Pur superando il socialismo, finito insieme con il Novecento, Schiavone sembra insomma non voler rinunciare all’obiettivo di superare, prima o poi, anche il capitalismo. Intendiamoci, una nuova «terza via» è sempre meglio della vecchia «via al socialismo». Ma forse sarebbe più semplice accettare i formidabili vantaggi che il sistema di produzione capitalistico offre in termini di produzione della ricchezza, e provare a riformarlo «eticamente», nel senso dell’uguaglianza. Con la forza della democrazia liberale e della politica democratica.
(frascop) Tutto fuorchè la socialdemocrazia. Tanti intellettuali che sono cresciuti dentro l’esperienza del Pci, anche dopo la svolta della Bolognina del 12 novembre 1989 (il Muro cadde tre giorni prima) che porterà il 3 febbraio 1991 allo scioglimento del Pci (diventerà Pds), continuano a cercare l’ago nel pagliaio. Socialdemocrazia per tutti i comunisti ha un significato nefasto, malgrado le esperienze collaudate di tanti partiti europei: voler riformare (venire a patti con) il capitalismo. Non possumus, come dissero gli apostoli Pietro e Giovanni. Ha ricordato su Il Mulino nel 2022 Michele Salvati: Partecipando alla discussione seguita alla Bolognina e divampata per anni nel partito, mi accorsi però ben presto che il nome che avevamo proposto (Partito democratico della sinistra) in realtà era stato accettato perché evitava ogni riferimento esplicito alla socialdemocrazia, la versione del socialismo di origine marxista che era prevalsa nel confronto col comunismo nell’Europa continentale. Insomma, il nome fu adottato per la sua involontaria ambiguità. La superiorità del comunismo sulla socialdemocrazia, descritta come sostenitrice di un riformismo troppo debole e non finalizzato a una uscita dal capitalismo, era un punto fermo ancora presente tra molti dirigenti e una parte della base che nel passato aveva aderito al Partito comunista.
Eppure il sistema politico, economico, sociale in cui viviamo ha portato miliardi di persone fuori dalla povertà, ha ridotto il lavoro minorile, ha prodotto benefici diffusi in tutto il mondo. Ma ancora in molti si ostinano a considerarlo come l’origine di tutti i mali.
Prima della nascita del capitalismo, la maggioranza della popolazione mondiale viveva in estrema povertà: nel 1820 era il 90% delle persone; oggi è meno del 10%. E la cosa più notevole è che negli ultimi decenni, dalla fine del comunismo in Cina e in altri paesi, il declino della povertà ha accelerato ad un ritmo mai visto in qualsiasi periodo precedente della storia umana. Nel 1981, il tasso di povertà ammontava al 42,7%; nel 2000, era sceso al 27,8%, e nel 2021 era al 9,3%.

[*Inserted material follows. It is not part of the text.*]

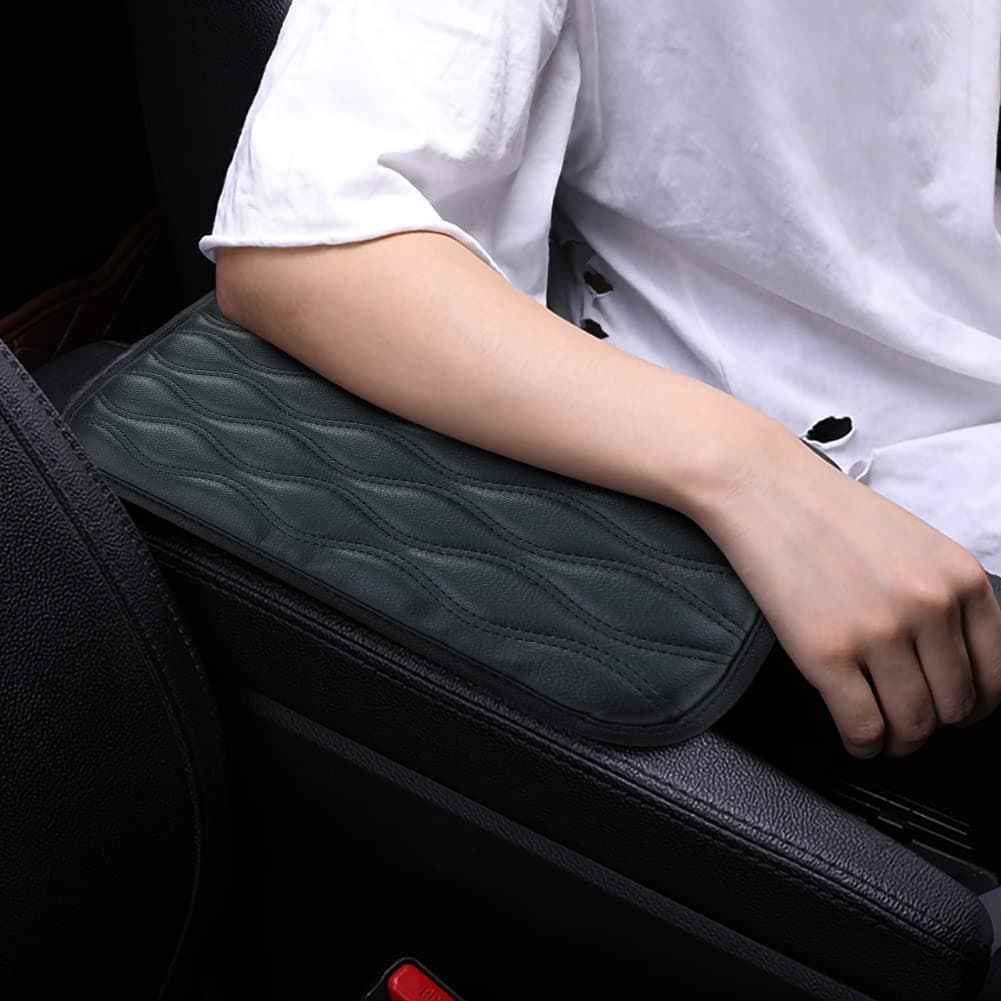 Auto Center Console Cover Pad Universal Fit for SUV/Truck/Car, Waterproof Car Armrest Seat Box Cover, Leather Auto Armrest Cover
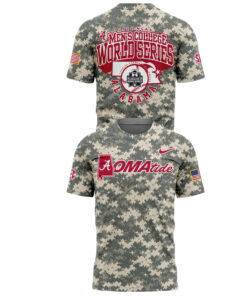 Unisex Alabama Crimson Tide 2026 Baseball College World Series Camo Graphic Shirt for College Sports Fans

Ci sono altre buone notizie: il numero di bambini costretti a lavorare in tutto il mondo è diminuito significativamente, scendendo da 246 milioni nel 2000 a 160 milioni di bambini vent’anni dopo, nel 2020. E questo nonostante il fatto che la popolazione mondiale sia aumentata da 6,1 a 7,8 miliardi di persone negli stessi due decenni.
Alla maggior parte delle persone il capitalismo però non piace. L’Edelman Trust Barometer, un sondaggio condotto in 28 paesi, ha concluso che, in media, il 56% degli intervistati crede che «il capitalismo come esiste oggi faccia più male che bene nel mondo».
Persiste poi negli italiani (che sono o sono stati) “comunisti” la presunzione incontrollabile di non voler mai apprendere nulla dagli altri popoli europei, l’ambizione politica di essere unici ed originali sulla strada delle magnifiche sorti e progressive. La Bolognina o il discorso del Lingotto di Veltroni nel 2007 rimangono quindi in certa pubblicistica due eresie che la chiesa comunista ha rapidamente reso inoffensive.